Wenn man den Anspruch an sich selbst hat, Originalität zu erbringen und nicht nach einem originellen Werk in immer derselben Struktur/demselben Schema stecken zu bleiben (ich denke gerade an bestimmte (erfolgreiche) Autoren, die stets dasselbe in anderen Farben und mit anderen Namen schreiben, mitunter dabei nur bei anderen (erfolgreichen) Autoren abkupfern), bleibt einem nichts anderes übrig, als sich der Kreativität hinzugeben. Und man muss auch wissen, dass Kreativität nicht wie eine Maschine funktioniert und sie/sich realistisch einschätzen können. (So manche ›Zwischenarbeiten‹ purzeln auf dem Weg zum originellen Werk heraus wie Sägespäne; lässt sich oft schön beobachten.)

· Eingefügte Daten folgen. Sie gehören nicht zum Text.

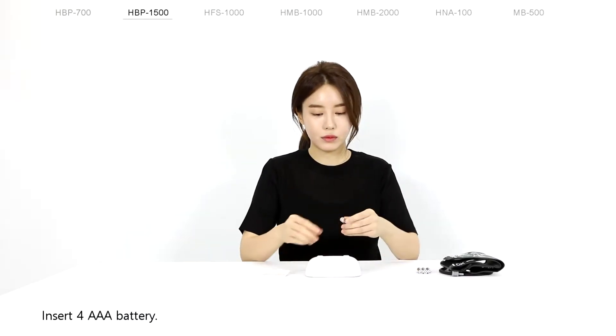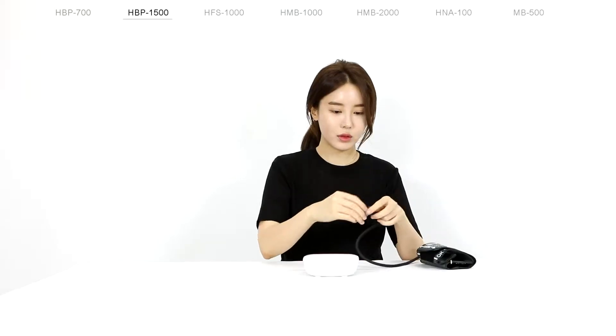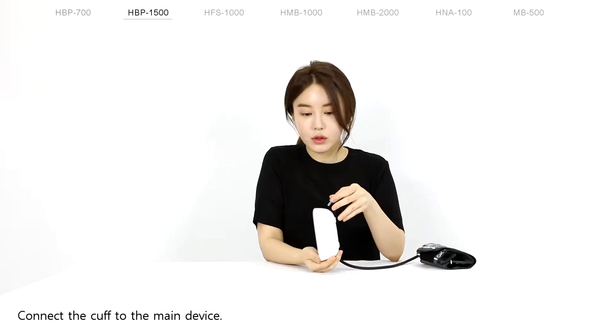Insert your AAA battery. Connect the cup to the main device.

Nun stelle ich die Einfangsfragen noch einmal und antworte:
Ist es kreativ, wenn ich ein Bild abmale? – Nein (weil abgemalt).
Wenn ich Socken stricke? – Nein (Socken gibt es schon sehr lange, soweit ich weiß).
Ein Muster in die Butter zeichne? – Vielleicht, kommt darauf an.
Eine Symphonie komponiere? – Ja (selbstverständlich).
Ein Physiker bin und eine neue, revolutionäre Theorie erarbeite? – Ja (logisch).
Aus den Haaren meiner Katze einen Teppichvorleger knüpfe? – Nein (s. Socken; wobei man hierüber wahrscheinlich streiten könnte, weil Katzenhaar).
Wenn ich als Informatiker ein neues Programm entwickle? – Ja (wenn es wirklich neu ist).
Oder meine Einbauküche mit Klebefolie überziehe? – Nein (um Gottes willen!).

Kreativität ist ein langwieriges, anstrengendes Unterfangen, und weil die wenigsten aus ersichtlichen Gründen bereit oder fähig sind, sich den vielen zu erbringenden, traurigen Opfern zu stellen (nicht jeder Lebensweg ermöglicht eine intensive Auseinandersetzung), existieren auf der Welt auch nur wenige wirklich originelle Werke (im Verhältnis zu sämtlichen Veröffentlichungen).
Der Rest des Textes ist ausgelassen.